I haven't had much luck getting anything to work, but I'll include include a rough idea. Another problem is that I'm not sure what this kind of problem is called, so I haven't had much luck searching for similar questions. If there's a better title for the question that more accurately describes this problem please let me know.
for i = 1:size(links,1)
child = links(i,2);
idx = find(links(:,1) == child); % is the child a parent to another track?
while ~isempty(idx)
child = links(idx,2); % the next child
idx = find(links(:,1) == child); % update idx, is there another child in the chain?
end
% I'm not sure where to do the appending and how to keep track of
% what's been appended so far
end
% I have a similar function to append one track structure to another
function c = append(a,b)
c = [a,b];
end
  3 Commenti
Walter Roberson
Walter Roberson il 28 Ott 2023
Is it possible to have a situation such as
[1 6
6 9
6 7
7 8
9 10]
which has the chains 1 6 9 10 and 1 6 7 8 both? If so then what output would you want ?

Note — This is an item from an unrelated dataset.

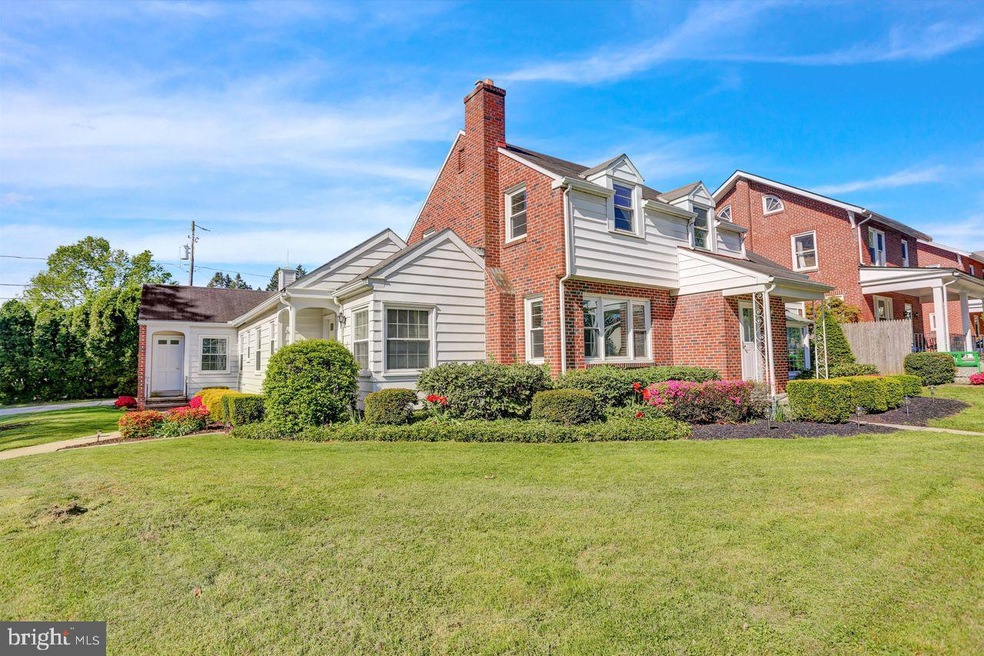 200 Elmwood Ave, Reading, PA 19609 - photo 1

Are the links directional or bidirectional? If the input were
links = [1 6;
9 3;
4 8;
5 7;
9 10
8 12;
10 11];
then would you still have t2 = [3,9,10,11]; or would you instead have [9 3] and [9 10 11] ?
Zak
Zak il 28 Ott 2023
I looked at using digraph() and it looks promising. Running
G = digraph(links(:,1), links(:,2));
plot(G)
gave me this, which is the correct ordering of paths. How would I extract vectors like t1, t2, etc? I think if I could extract those, I might be able to figure out how to loop through them and connect the links.
I've narrowed it down in the processing before this point so that each link can only match to one other link, no forks. The chains are directional. They're positions of particles in time, so a downstream or child track has to come later in time. The first column is always the starting link, and the second on the link that comes next.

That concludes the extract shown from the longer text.